• **WORK REQUIRED**
Only the lines from the "BoringMom - Hombros" line through the last line of the material below belong in the answer, reproduced exactly and with no pictures.

++++ EXERCISE MATERIAL

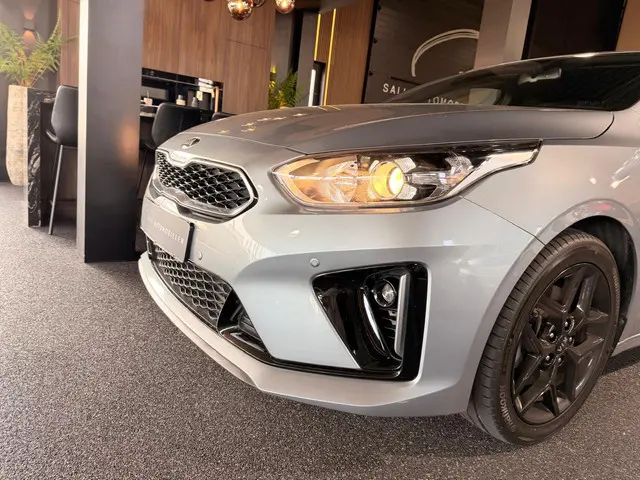 Kia Ceed 1.4 T-GDi GT-PlusLine 2020 Benzine 28
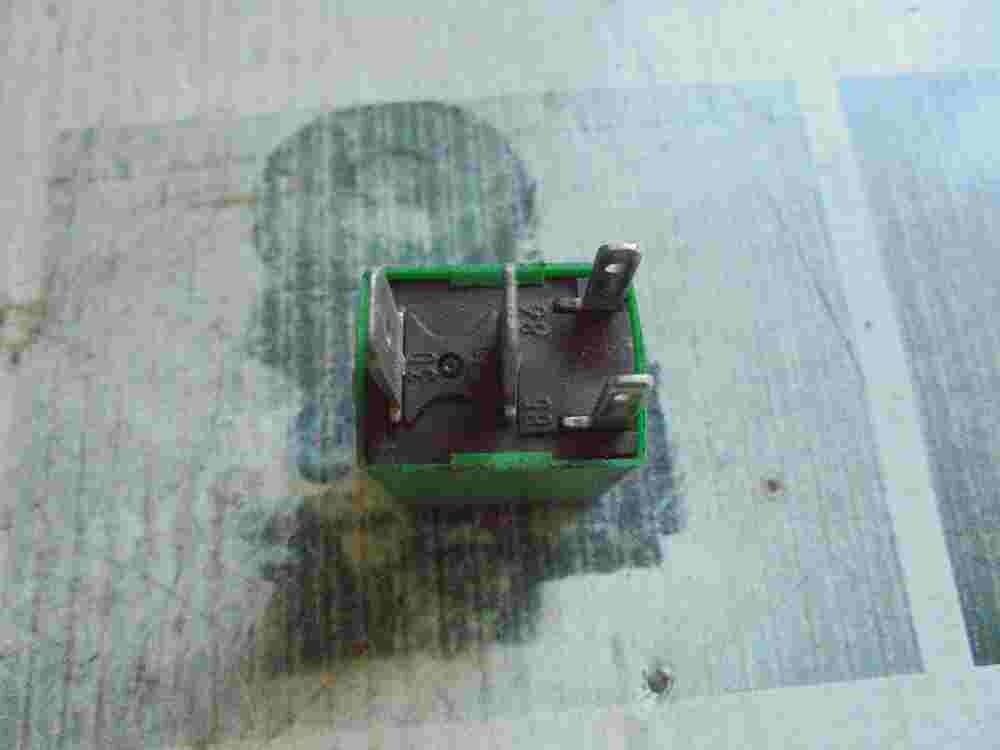 Relais Ford Scorpio 87GG19W572AA V23073-A1005-X007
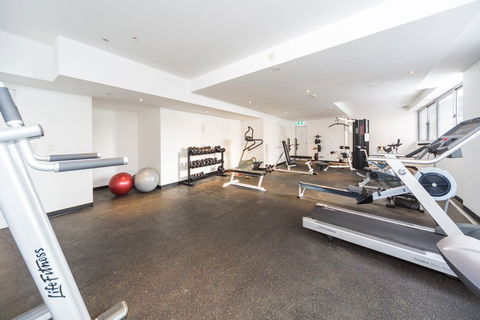 Astra Apartments Sydney CBD - Tourism Guide 9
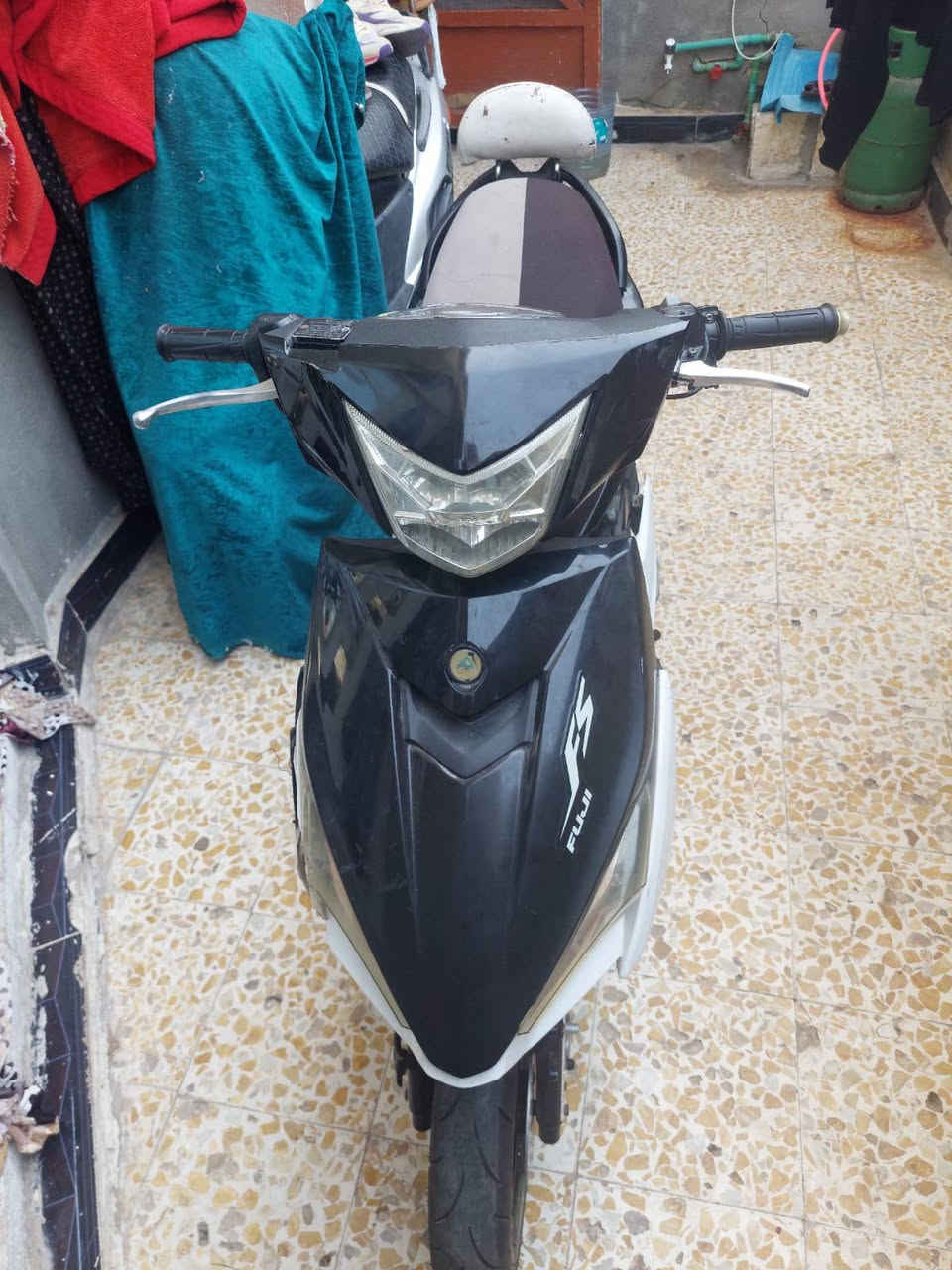 سلام عليكم دراجه نضيفه كلش بس الكفر مفلش نكره سلف ما ملعوب بيهه كلش ولا متعوبه بعده جديده بس الكفر تفلش لاتراسل اتصل رقمي *********** البصرة, العراق
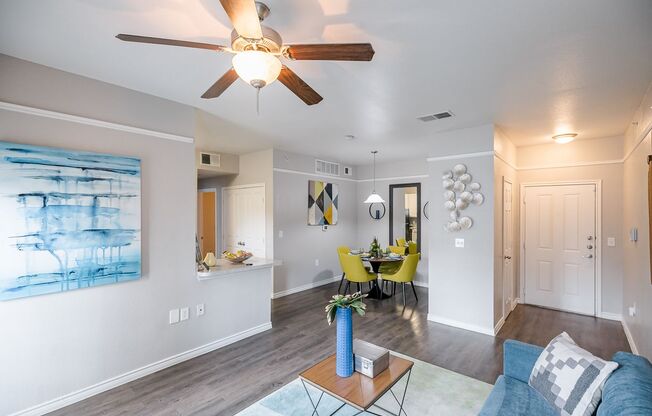 1 bed, 1 bath, 781 sqft, $1,104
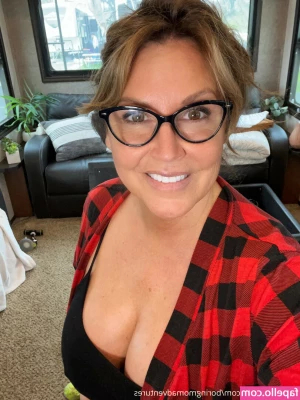 BoringMom - Hombros  nada más que hombros   Shoulders  nothing but shoulders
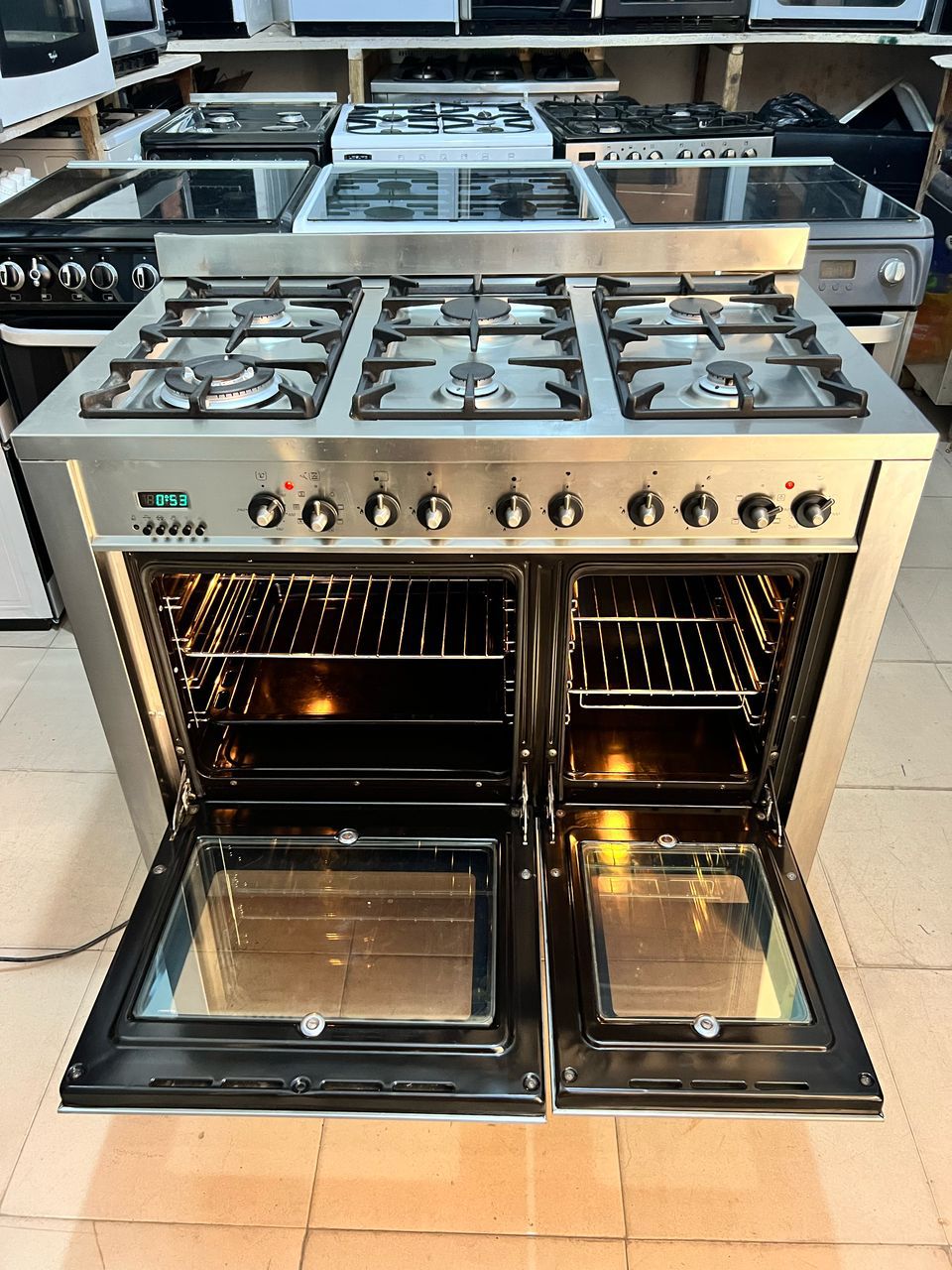 Table top gas cooker available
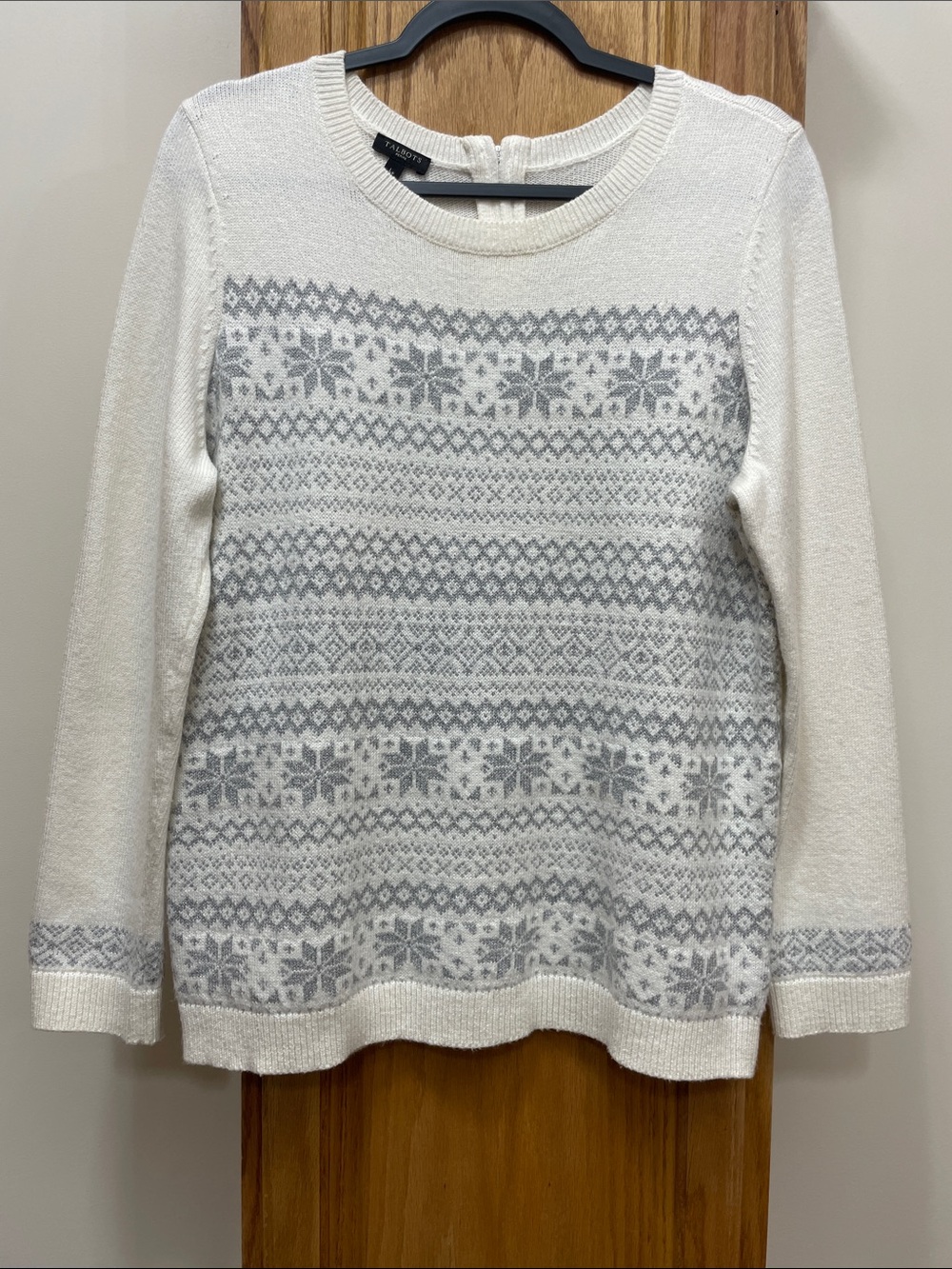 Talbots Cream Sweater with Gray Fair Isle Pattern Size Large Petite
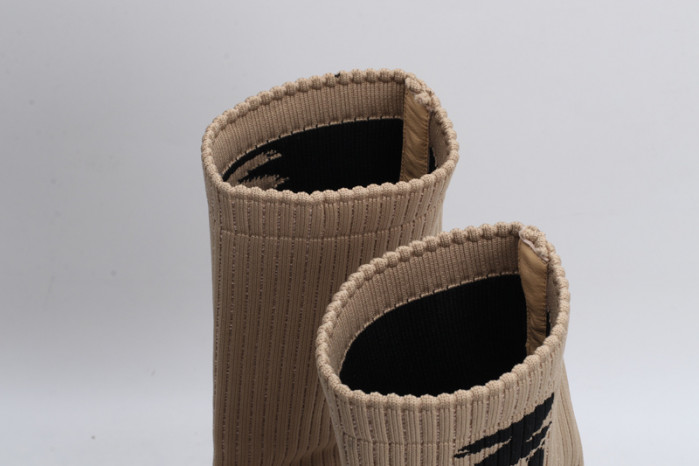 alex mcqu sneakers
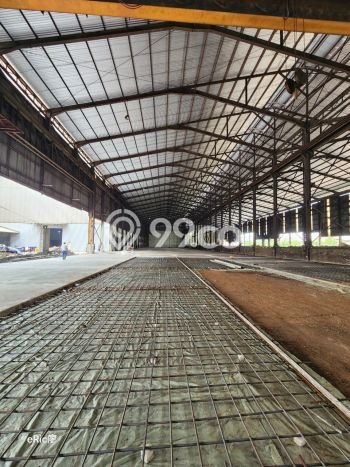 LOKASI PREMIUM! Gudang di Tambun Selatan, Luas 5504m2m², Jalan Utama, Area Komersial LOKASI PREMIUM! Gudang di Tambun Selatan, Luas 5504m2m², Jalan Utama, Area Komersial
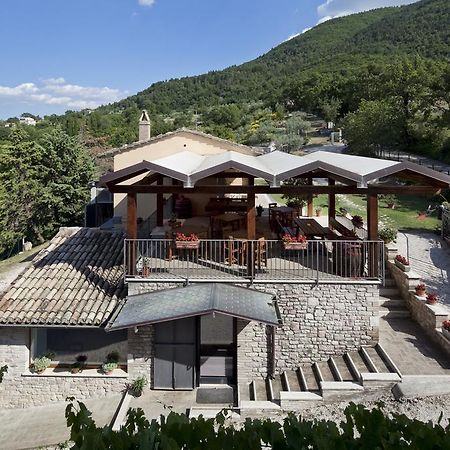 Agriturismo Il Castello Ассизи Экстерьер фото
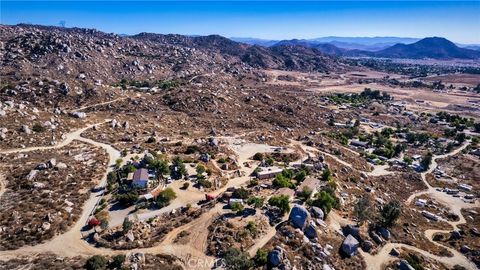 0 Nogues Nuevo CA 92567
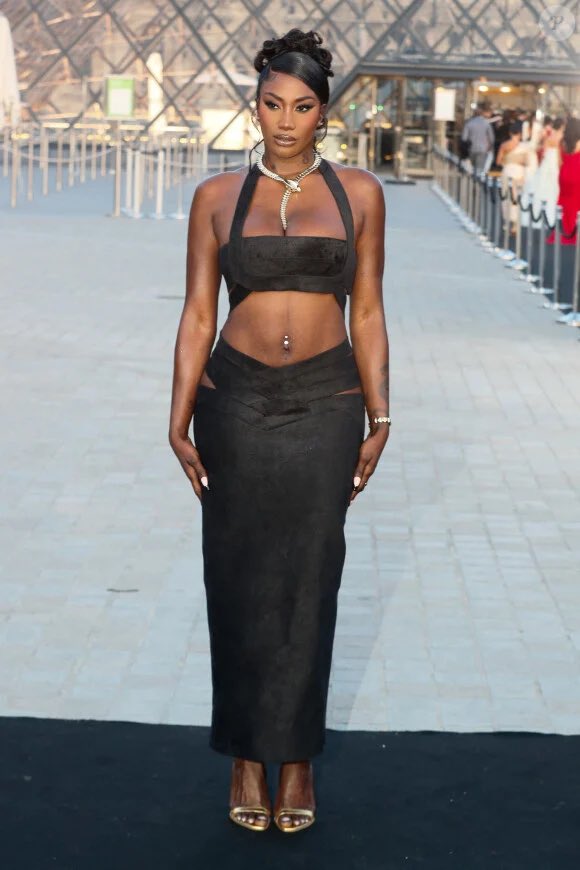 ‘‘Aya Nakamura est l’équivalent de ce qu’était Edith Piaf il y a 60 ans, c’est à dire la chanteuse française la plus populaire à l’étranger (…) Celle qui représente la France à l’international aujourd’hui c’est Aya Nakamura. Que ça plaise ou non, pour des raisons musicales ou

++++++++

• **RESULT FOR THIS TASK**
 BoringMom - Hombros  nada más que hombros   Shoulders  nothing but shoulders
 Table top gas cooker available
 Talbots Cream Sweater with Gray Fair Isle Pattern Size Large Petite
 alex mcqu sneakers
 LOKASI PREMIUM! Gudang di Tambun Selatan, Luas 5504m2m², Jalan Utama, Area Komersial LOKASI PREMIUM! Gudang di Tambun Selatan, Luas 5504m2m², Jalan Utama, Area Komersial
 Agriturismo Il Castello Ассизи Экстерьер фото
 0 Nogues Nuevo CA 92567
 ‘‘Aya Nakamura est l’équivalent de ce qu’était Edith Piaf il y a 60 ans, c’est à dire la chanteuse française la plus populaire à l’étranger (…) Celle qui représente la France à l’international aujourd’hui c’est Aya Nakamura. Que ça plaise ou non, pour des raisons musicales ou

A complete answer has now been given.